The case series by Varaprasad, et al in this issue of The Journal adds to our understanding of the clinical spectrum of PRES12. The authors discuss the clinical and laboratory features, treatment, and outcomes of a group of 13 adolescents and young adults with SLE and PRES. In this study, the median disease duration prior to the onset of PRES was 6 months, which is significantly shorter than the mean disease duration of 61.8 months previously reported by Baizabal-Carvallo, et al9. This finding highlights the fact that PRES may develop early in the course of SLE, when disease activity is high. Active lupus nephritis was also identified in 10 of 13 patients, which is in keeping with previous studies that demonstrate an association between PRES and lupus nephritis9,11,13. Previous studies also documented renal insufficiency in over 75% of patients with SLE and PRES9,14. However, this new case series and another recent report of PRES in young lupus patients have shown a lower frequency of concurrent renal failure11,12. This suggests that disease activity, rather than fluid overload secondary to renal insufficiency, is a critical factor in the pathogenesis of PRES.
Common presenting features of PRES include headaches, seizures, decreased level of consciousness, temporary vision loss, and paresis9,12,13,14. PRES is typically associated with the sudden onset of severe hypertension14,15. However, Varaprasad, et al clearly demonstrate that patients with PRES may have blood pressure at near-normal, which broadens the clinical spectrum of this condition12. Previous reports have attributed the occurrence of PRES in normotensive patients to medications, such as corticosteroids, cyclophosphamide, and cyclosporine8,16,17. However, this study also identified PRES in treatment-naive patients with mild hypertension12. Further, several patients treated with cyclophosphamide were able to continue this medication without the recurrence of PRES after the acute episode had been treated12. These findings emphasize the complexity of the underlying pathogenic mechanisms leading to PRES.
The differential diagnosis for a patient with lupus who develops headache, hypertension, and seizures includes cerebrovascular disease, neuropsychiatric lupus and PRES. Since PRES may develop in the context of mild hypertension or normotension, blood pressure alone cannot differentiate these entities.
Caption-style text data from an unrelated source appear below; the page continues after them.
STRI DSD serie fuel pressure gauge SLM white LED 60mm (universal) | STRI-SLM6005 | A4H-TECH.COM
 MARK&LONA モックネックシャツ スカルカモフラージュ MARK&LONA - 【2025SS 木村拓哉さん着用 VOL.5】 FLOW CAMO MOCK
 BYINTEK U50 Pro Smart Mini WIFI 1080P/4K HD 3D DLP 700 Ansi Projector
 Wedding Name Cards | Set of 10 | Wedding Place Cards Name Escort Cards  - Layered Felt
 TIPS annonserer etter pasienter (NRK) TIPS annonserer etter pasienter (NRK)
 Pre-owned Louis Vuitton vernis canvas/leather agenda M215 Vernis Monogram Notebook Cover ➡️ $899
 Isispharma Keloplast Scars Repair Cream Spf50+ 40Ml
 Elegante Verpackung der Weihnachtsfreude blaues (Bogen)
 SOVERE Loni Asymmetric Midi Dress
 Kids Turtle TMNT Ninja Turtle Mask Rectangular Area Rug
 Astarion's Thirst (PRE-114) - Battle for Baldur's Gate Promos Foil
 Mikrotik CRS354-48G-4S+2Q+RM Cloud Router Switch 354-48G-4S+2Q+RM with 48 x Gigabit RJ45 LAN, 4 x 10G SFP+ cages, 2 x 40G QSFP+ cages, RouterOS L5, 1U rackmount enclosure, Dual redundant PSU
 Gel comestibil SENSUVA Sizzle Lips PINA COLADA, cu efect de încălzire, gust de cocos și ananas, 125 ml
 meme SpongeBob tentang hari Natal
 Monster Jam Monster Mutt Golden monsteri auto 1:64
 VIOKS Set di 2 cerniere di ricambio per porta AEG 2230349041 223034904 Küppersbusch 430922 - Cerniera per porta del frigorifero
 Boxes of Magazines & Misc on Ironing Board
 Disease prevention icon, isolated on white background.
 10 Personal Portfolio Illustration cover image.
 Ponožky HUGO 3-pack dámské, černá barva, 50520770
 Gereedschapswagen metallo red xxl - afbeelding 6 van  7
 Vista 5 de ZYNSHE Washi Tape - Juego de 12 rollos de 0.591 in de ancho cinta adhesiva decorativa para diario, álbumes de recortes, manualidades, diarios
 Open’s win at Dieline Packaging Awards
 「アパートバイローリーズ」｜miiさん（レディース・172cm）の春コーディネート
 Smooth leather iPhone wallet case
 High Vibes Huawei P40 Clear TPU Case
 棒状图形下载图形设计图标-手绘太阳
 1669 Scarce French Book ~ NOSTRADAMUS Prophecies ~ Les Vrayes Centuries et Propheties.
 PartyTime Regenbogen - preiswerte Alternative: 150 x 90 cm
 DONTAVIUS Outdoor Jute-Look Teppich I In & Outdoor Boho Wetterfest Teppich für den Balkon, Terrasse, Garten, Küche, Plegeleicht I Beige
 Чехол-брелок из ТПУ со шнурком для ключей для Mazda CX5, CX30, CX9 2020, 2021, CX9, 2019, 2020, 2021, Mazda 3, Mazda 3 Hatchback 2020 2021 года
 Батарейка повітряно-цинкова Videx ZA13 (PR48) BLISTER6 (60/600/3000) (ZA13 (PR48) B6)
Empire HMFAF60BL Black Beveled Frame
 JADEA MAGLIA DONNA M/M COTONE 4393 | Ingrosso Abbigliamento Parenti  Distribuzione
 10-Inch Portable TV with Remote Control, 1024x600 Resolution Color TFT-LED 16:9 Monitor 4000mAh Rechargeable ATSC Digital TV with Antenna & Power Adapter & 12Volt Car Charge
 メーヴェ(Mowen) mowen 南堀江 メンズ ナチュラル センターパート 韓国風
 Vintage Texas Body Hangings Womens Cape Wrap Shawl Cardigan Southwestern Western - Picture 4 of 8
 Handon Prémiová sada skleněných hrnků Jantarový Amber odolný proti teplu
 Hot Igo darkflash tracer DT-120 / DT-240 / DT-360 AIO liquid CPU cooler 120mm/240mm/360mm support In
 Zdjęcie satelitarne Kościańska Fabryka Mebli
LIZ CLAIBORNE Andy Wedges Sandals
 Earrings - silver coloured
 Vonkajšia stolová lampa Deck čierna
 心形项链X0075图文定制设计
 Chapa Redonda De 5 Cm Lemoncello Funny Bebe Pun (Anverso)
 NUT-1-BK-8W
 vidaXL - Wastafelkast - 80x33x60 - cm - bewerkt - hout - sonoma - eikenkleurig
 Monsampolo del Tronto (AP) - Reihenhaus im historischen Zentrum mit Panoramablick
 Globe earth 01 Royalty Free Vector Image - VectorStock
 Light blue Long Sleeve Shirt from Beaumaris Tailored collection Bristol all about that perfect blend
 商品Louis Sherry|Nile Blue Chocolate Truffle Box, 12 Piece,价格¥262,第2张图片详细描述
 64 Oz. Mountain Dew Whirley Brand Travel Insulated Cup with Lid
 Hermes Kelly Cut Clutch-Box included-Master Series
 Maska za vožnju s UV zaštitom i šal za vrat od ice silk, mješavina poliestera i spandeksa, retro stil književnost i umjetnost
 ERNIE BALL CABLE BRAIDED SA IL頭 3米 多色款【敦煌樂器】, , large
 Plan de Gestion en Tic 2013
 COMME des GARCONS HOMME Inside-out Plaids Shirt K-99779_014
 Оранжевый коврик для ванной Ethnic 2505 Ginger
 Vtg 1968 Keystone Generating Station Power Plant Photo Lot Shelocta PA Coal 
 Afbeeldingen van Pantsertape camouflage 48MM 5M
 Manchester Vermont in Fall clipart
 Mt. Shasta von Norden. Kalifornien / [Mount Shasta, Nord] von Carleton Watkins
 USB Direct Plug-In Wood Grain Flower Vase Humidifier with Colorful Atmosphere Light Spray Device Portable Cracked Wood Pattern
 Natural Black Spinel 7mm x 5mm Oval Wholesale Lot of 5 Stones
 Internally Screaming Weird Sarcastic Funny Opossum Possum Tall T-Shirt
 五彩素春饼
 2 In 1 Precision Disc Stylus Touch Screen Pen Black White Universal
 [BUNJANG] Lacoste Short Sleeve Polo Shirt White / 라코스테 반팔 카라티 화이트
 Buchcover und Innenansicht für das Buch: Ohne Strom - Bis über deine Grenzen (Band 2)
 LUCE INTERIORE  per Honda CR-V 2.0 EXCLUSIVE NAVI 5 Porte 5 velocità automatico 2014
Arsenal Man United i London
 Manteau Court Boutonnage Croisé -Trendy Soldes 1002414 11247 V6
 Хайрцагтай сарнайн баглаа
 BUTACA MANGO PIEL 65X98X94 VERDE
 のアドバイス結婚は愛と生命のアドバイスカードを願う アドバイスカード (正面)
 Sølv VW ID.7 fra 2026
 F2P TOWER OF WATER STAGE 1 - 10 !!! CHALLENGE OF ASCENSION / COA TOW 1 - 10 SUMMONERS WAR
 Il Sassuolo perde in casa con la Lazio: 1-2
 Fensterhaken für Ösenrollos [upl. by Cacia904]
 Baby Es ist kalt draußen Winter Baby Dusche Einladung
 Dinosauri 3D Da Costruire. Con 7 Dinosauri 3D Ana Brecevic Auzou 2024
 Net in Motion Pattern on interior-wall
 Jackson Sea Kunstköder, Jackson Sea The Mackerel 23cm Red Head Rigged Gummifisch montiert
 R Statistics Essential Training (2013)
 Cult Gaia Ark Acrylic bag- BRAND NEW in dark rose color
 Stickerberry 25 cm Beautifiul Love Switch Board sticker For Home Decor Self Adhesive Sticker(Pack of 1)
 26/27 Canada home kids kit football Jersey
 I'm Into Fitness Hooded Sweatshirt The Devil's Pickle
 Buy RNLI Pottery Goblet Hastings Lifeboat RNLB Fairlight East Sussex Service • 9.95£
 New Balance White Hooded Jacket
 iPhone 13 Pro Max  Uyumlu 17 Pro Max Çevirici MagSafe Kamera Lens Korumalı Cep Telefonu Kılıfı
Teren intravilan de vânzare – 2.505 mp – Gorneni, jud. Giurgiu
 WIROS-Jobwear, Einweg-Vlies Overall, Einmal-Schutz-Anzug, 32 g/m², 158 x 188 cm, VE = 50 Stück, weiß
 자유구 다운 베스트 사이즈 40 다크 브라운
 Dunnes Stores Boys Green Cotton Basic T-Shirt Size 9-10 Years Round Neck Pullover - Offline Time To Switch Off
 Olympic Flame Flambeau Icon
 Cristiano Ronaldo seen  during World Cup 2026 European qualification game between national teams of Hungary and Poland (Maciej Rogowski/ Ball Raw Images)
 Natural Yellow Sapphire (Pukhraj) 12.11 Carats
All 3 may occur early in disease and in the presence or absence of immunosuppressive medications. However, neuroimaging may be more helpful in distinguishing among these conditions. Characteristic MRI findings in PRES include diffuse bilateral changes involving gray and white matter with altered diffusion11. In contrast, MRI lesions in neuropsychiatric lupus are typically small and multifocal, and predominantly involve the white matter2. Cerebrospinal fluid analysis may be normal in any of these conditions, although it is more likely to be normal in PRES12. Neurological recovery generally occurs more rapidly (within 7 to 10 days) following treatment in PRES compared to neuropsychiatric lupus.
The pathogenesis of PRES in lupus is multifactorial. The underlying susceptibility of the cerebrovascular system in addition to insults, such as inflammation secondary to active lupus, hypertension, nephritis, and cytotoxic medications, can lead to the development of the condition we recognize as PRES. The study by Varaprasad, et al in this issue widens the range of signs and symptoms that may be associated with PRES and broadens our understanding of the context in which PRES develops.